Strategi Ketahanan Pangan Polri 2026: Swasembada Jagung Tanpa Impor

Strategi Ketahanan Pangan Polri 2026: Swasembada Jagung Tanpa Impor
beritakeadilan.com,

JAKARTA SELATAN, DKI JAKARTA-Kepolisian Negara Republik Indonesia (Polri) terus tancap gas memperkuat ketahanan pangan nasional. Melalui koordinasi strategis lintas sektoral, Polri membangun ekosistem pertanian jagung pakan ternak yang tangguh dari hulu hingga hilir. Langkah ini menjadi bukti komitmen Polri dalam menjaga kedaulatan pangan pasca keberhasilan swasembada tahun lalu.

Rapat koordinasi ini berlangsung di Mabes Polri, Jumat (6/2/2026). Karobinkar SSDM Polri sekaligus Wakil Posko Gugus Tugas Ketahanan Pangan, Brigjen Pol Langgeng Purnomo, memimpin langsung jalannya agenda tersebut.

Evaluasi Gemilang: Indonesia Tanpa Impor Jagung

Dalam arahannya, Brigjen Langgeng menekankan pentingnya konsolidasi sektor pertanian. Beliau memberikan apresiasi atas pencapaian Indonesia yang berhasil melalui tahun 2025 tanpa melakukan impor jagung pakan ternak.

“Kami melaksanakan analisa dan evaluasi kinerja tahun sebelumnya. Indonesia berhasil tanpa impor jagung pabrik pakan ternak pada tahun 2025,” ujar Brigjen Langgeng Purnomo. Oleh karena itu, rakor ini bertujuan untuk mempertajam strategi agar capaian tahun 2026 jauh lebih progresif.

Dukungan Modal: Himbara Siapkan KUR Rp180 Triliun

Pada sisi hulu, Polri berperan aktif memfasilitasi petani dalam mengakses permodalan. Bekerja sama dengan Himpunan Bank Milik Negara (Himbara), Polri membantu mengatasi kendala finansial yang sering menghambat produktivitas petani.
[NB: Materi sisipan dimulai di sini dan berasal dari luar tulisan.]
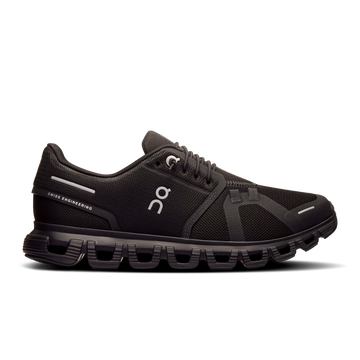 ON Cloud 6 W black/black shoes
Senior Vice President BRI, Danang Andi Wijanarko, menyatakan kesiapannya mendukung penuh program ini. Pihaknya telah menyiapkan plafon Kredit Usaha Rakyat (KUR) Mikro sebesar Rp180 triliun pada tahun 2026. Dana besar tersebut diprioritaskan untuk sektor pertanian, termasuk pengembangan ekosistem jagung pakan ternak secara nasional.

Proteksi Harga: Bulog Siap Serap Hasil Panen

Selain permodalan, Polri memberikan perlindungan konkret pada sisi hilir. Gugus Tugas Ketahanan Pangan bertugas memastikan harga jagung di tingkat produsen tetap stabil dan terhindar dari permainan tengkulak.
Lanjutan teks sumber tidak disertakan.